Background/Objectives: Smith–Magenis syndrome (SMS) is a rare neurogenetic disorder caused by a microdeletion in chromosome region 17p11.2 or by pathogenic variants in the RAI1 gene. The syndrome is characterized by a distinctive neurobehavioral profile, including cognitive deficits, sleep disturbances, self-injurious behavior, and typical dysmorphic features. A characteristic diagnostic hallmark is paradoxical melatonin secretion, with increased daytime levels instead of the normal nocturnal peak. This article aims to summarize current knowledge on the etiology, diagnostics, EEG findings, therapy, and prognosis of SMS from a neuropediatric perspective. Methods: A narrative review of the literature on Smith–Magenis syndrome was conducted, focusing on genetic background, clinical features, diagnostic approaches, EEG characteristics, therapeutic strategies, and prognosis. In addition, a detailed clinical case of a 16-year-old female patient with SMS is presented. Results: The reviewed data confirm that SMS is associated with characteristic neurobehavioral abnormalities and sleep–wake rhythm disturbances. EEG findings may include epileptiform activity without overt epilepsy. In the presented case, “Rolandic-type” spike–sharp wave complexes were observed on EEG and are interpreted as an expression of congenital disturbances in brain maturation processes. Therapeutic recommendations addressing behavioral symptoms and sleep regulation are discussed.
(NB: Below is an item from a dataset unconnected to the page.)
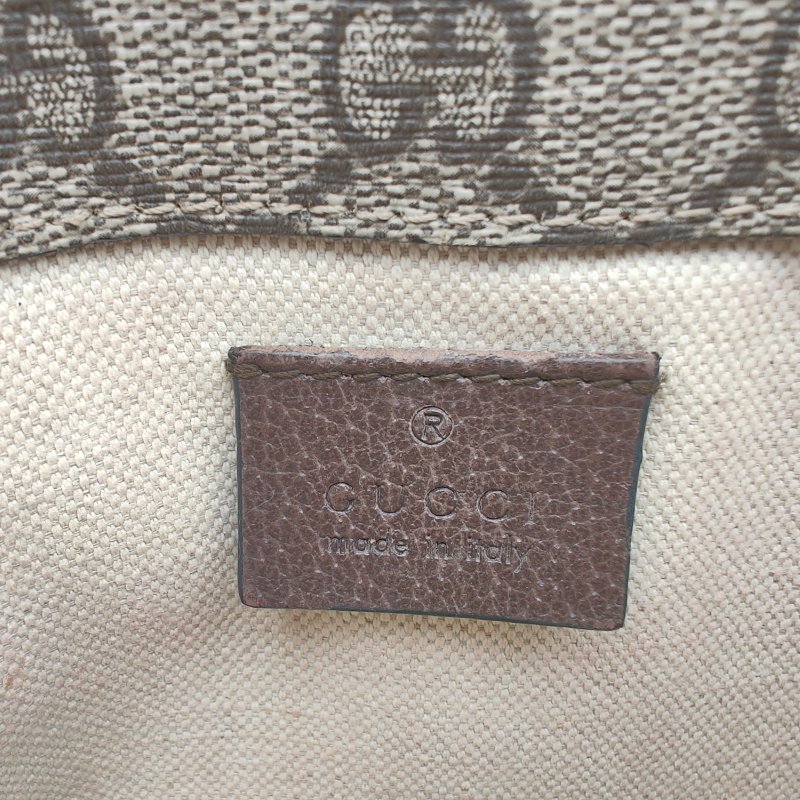 GUCCI古馳 Neo Vintage系列 燙金標誌老花滿印虎頭裝飾條紋肩帶 帆布拼皮 郵差包 腰包斜挎包 小號 男款 烏木色棕色-8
Conclusions: Smith–Magenis syndrome represents a complex neurodevelopmental disorder with distinctive clinical, neurophysiological, and genetic features. Early recognition of characteristic signs, including sleep disturbances and EEG abnormalities, is essential for appropriate management. A multidisciplinary, individualized therapeutic approach may improve quality of life and long-term outcomes.